## Problem requirements
Restate word for word only the lines running from the one with "Nike Air Jordan" to the end of the data, both ends included. Omit any pictures.

Excerpts from a dataset:
•••••

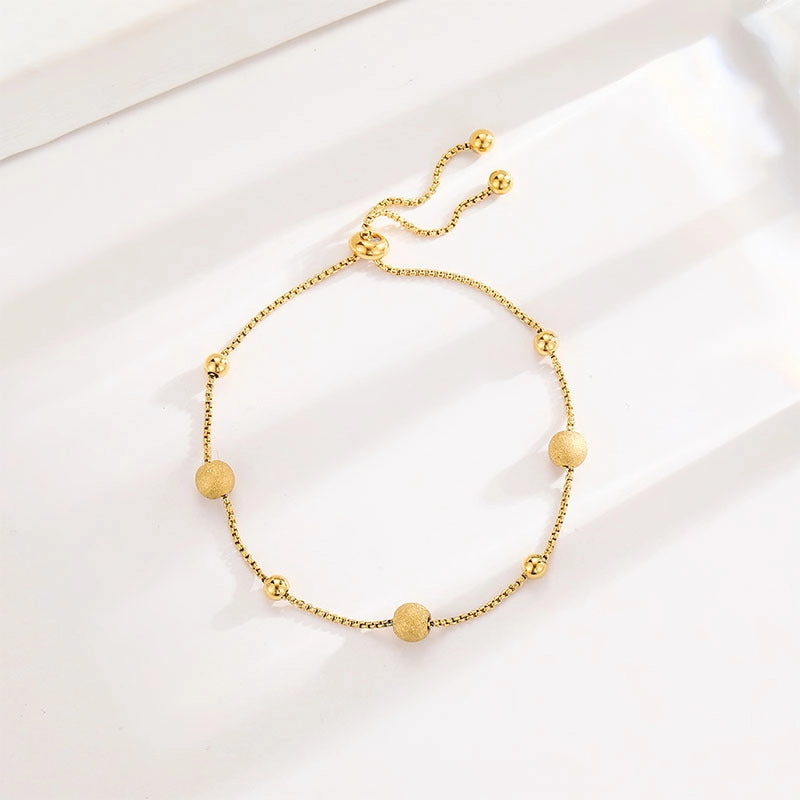 Wholesale Fashion Small Gold Bead Pull-out Titanium Steel Bracelet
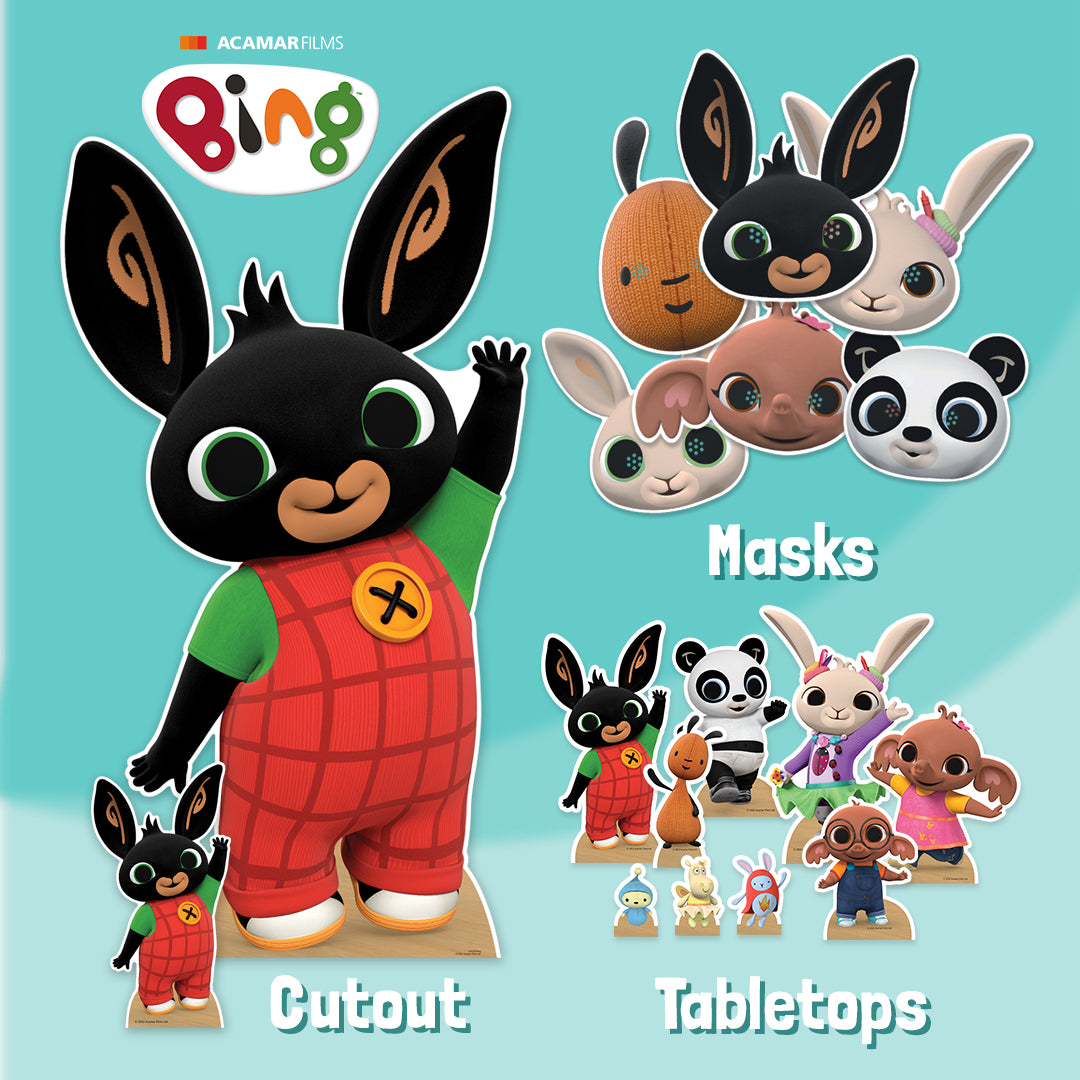 SMP451 Bing Six Pack Cardboard Face Masks Featuring Charlie, Coco, Pando Sula, Flop and Bing - mycardboardcutout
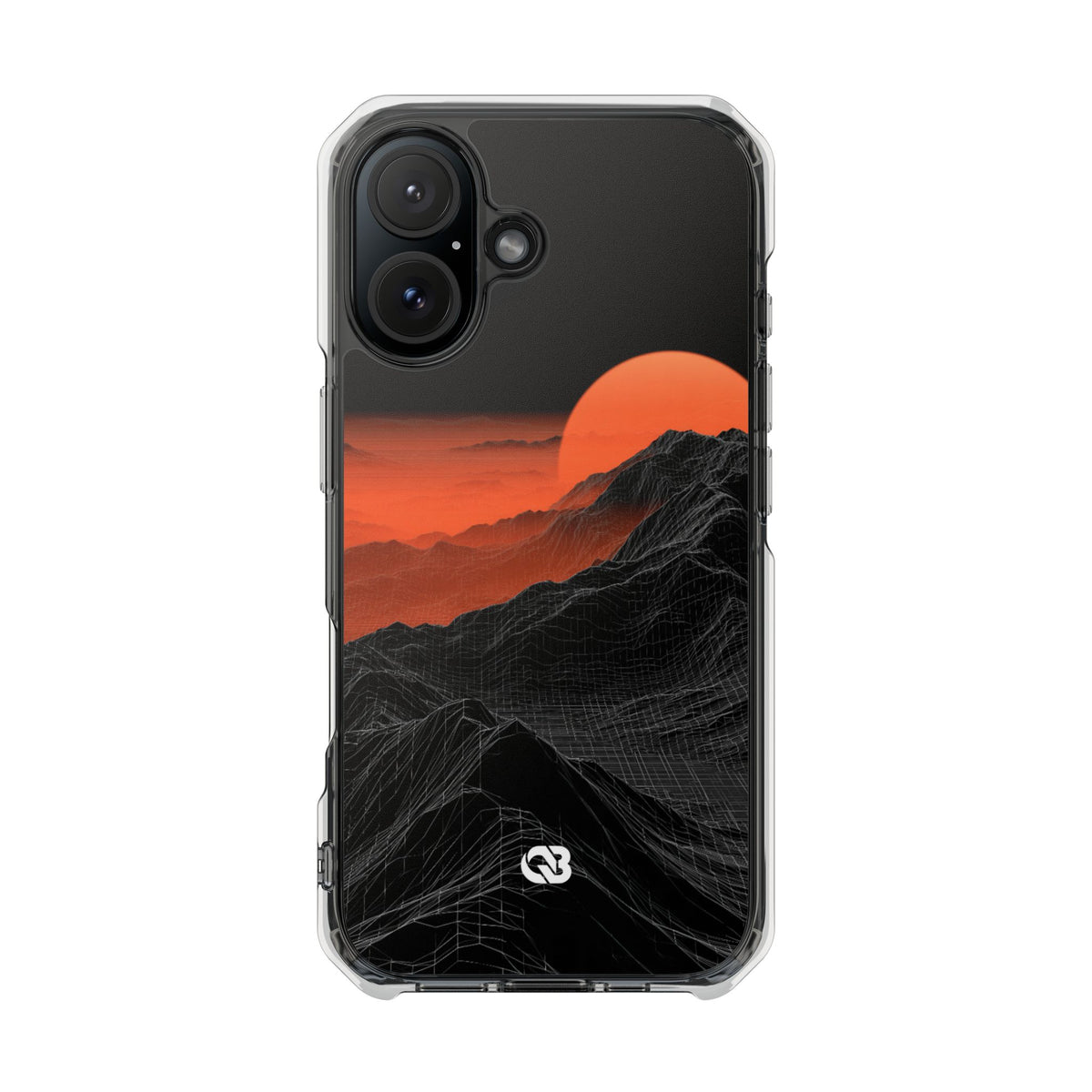 Solar Ridge Mesh · Clear Impact Magnetic Phone Case for iPhone · Black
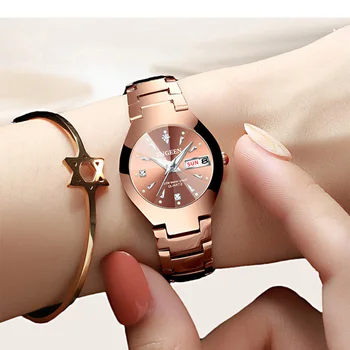 2023 New Luxury Women Bracelet Watch Rose Gold Stainless Steel Waterproof Ladies Quartz Wristwatch Female Clock Relogio Feminino 1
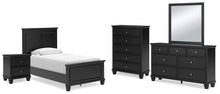 Load image into Gallery viewer, Lanolee Twin Panel Bed with Mirrored Dresser, Chest and Nightstand

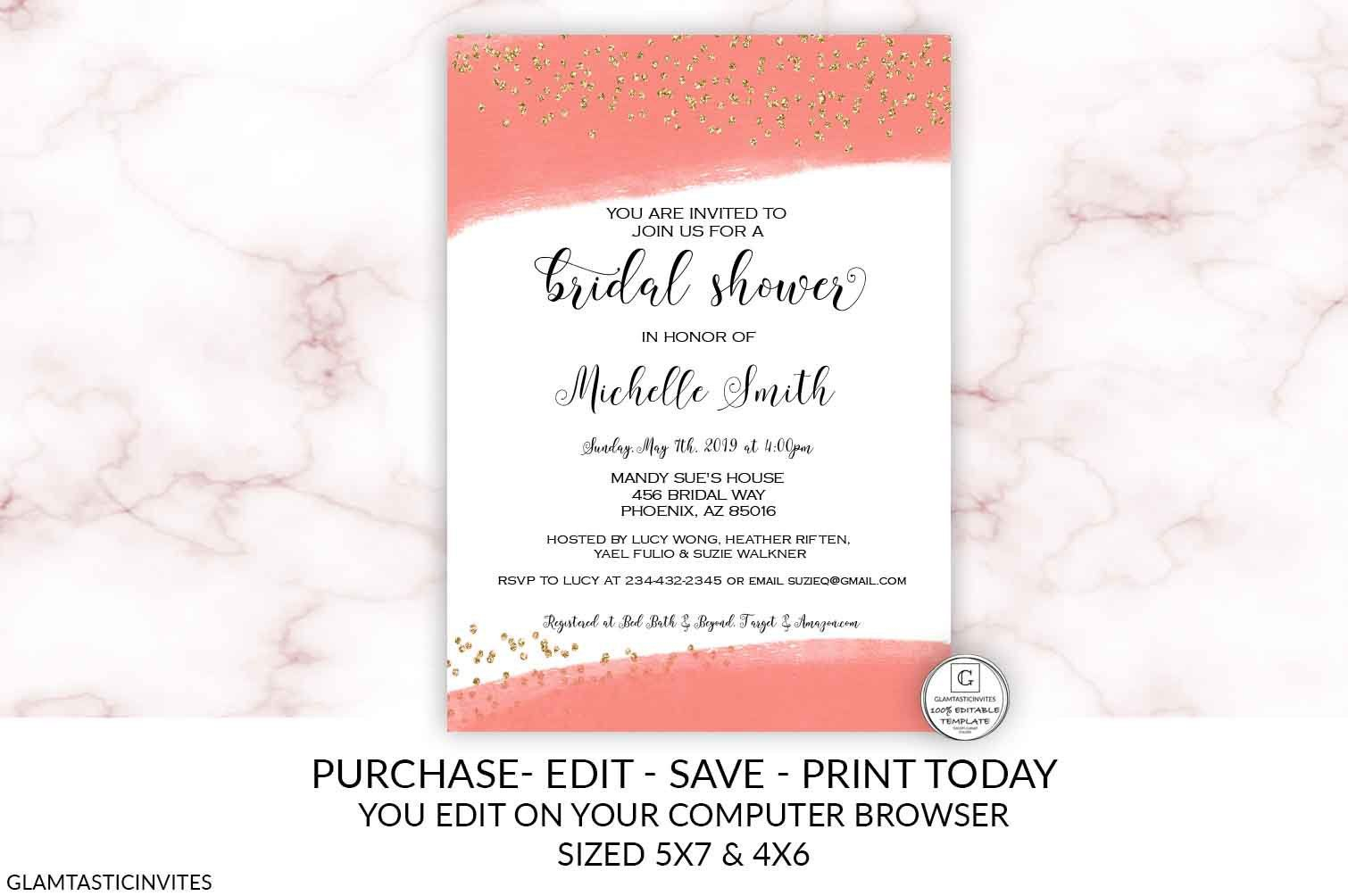 Coral Gold Bridal Shower Invitation Editable Printable Watercolor in dimensions 1510 X 1004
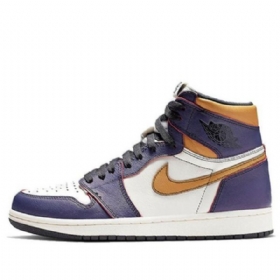 Nike Air Jordan 1 Retro Korkeat Topit Sb Koripallokengät Miehille Purppura Valkoinen Keltainen
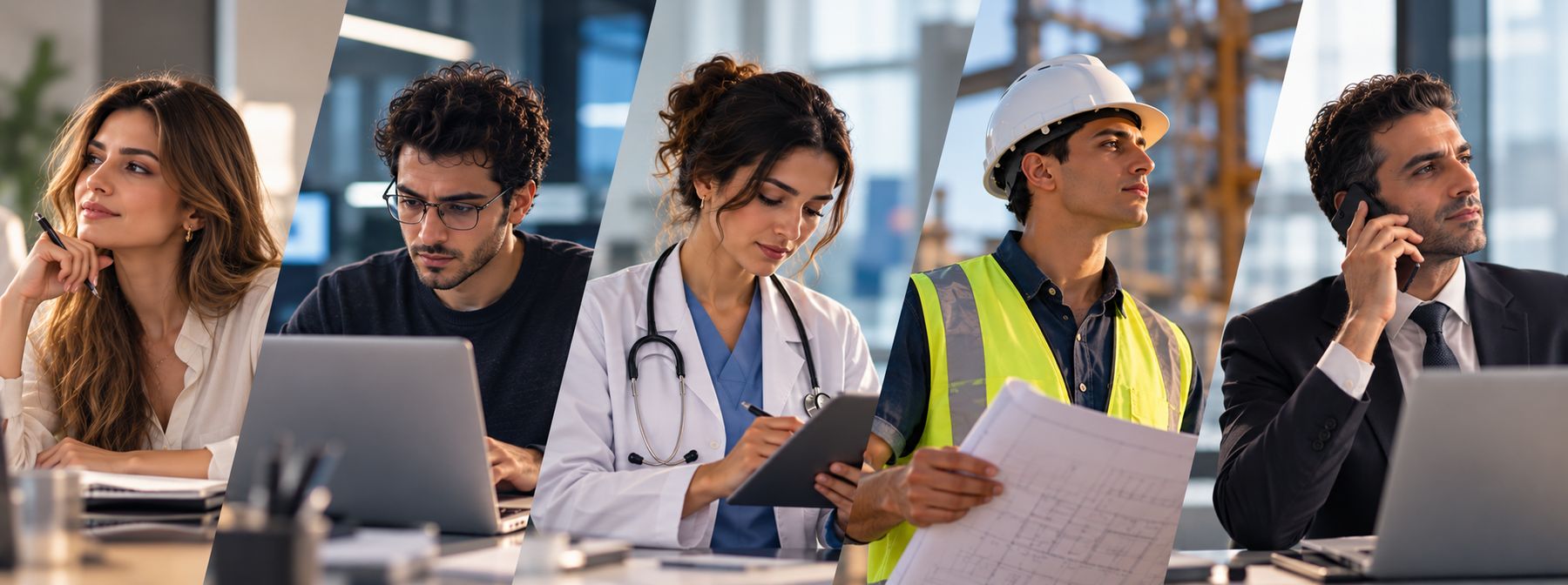 Syrian professionals at work across business, technology, medicine and engineering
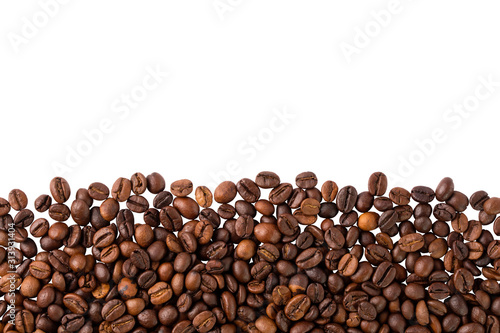Coffee beans isolated on white background. Free copyspace for text.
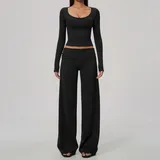 Jet Black Women's Brushed Yoga Set Quick Dry Breathable Slimming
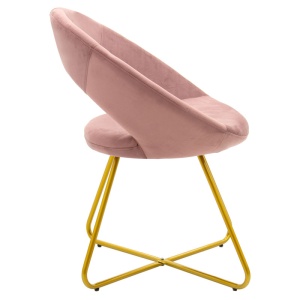 Scaun Valentina, roz/auriu, 65x60x82 cm - Img 3
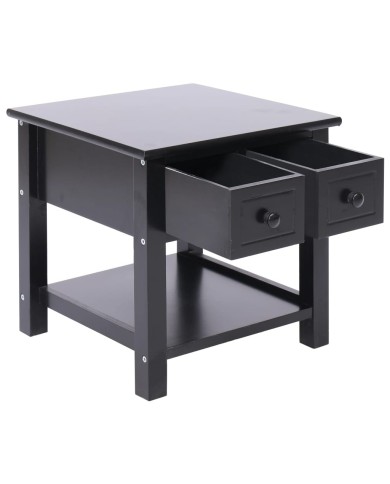 Table d'appoint Noir 40x40x40 cm Bois de Paulownia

•••••

## Response to the task
 Nike Air Jordan 1 Retro Korkeat Topit Sb Koripallokengät Miehille Purppura Valkoinen Keltainen
 Syrian professionals at work across business, technology, medicine and engineering
Coffee beans isolated on white background. Free copyspace for text.
 Jet Black Women's Brushed Yoga Set Quick Dry Breathable Slimming
 Scaun Valentina, roz/auriu, 65x60x82 cm - Img 3
 Table d'appoint Noir 40x40x40 cm Bois de Paulownia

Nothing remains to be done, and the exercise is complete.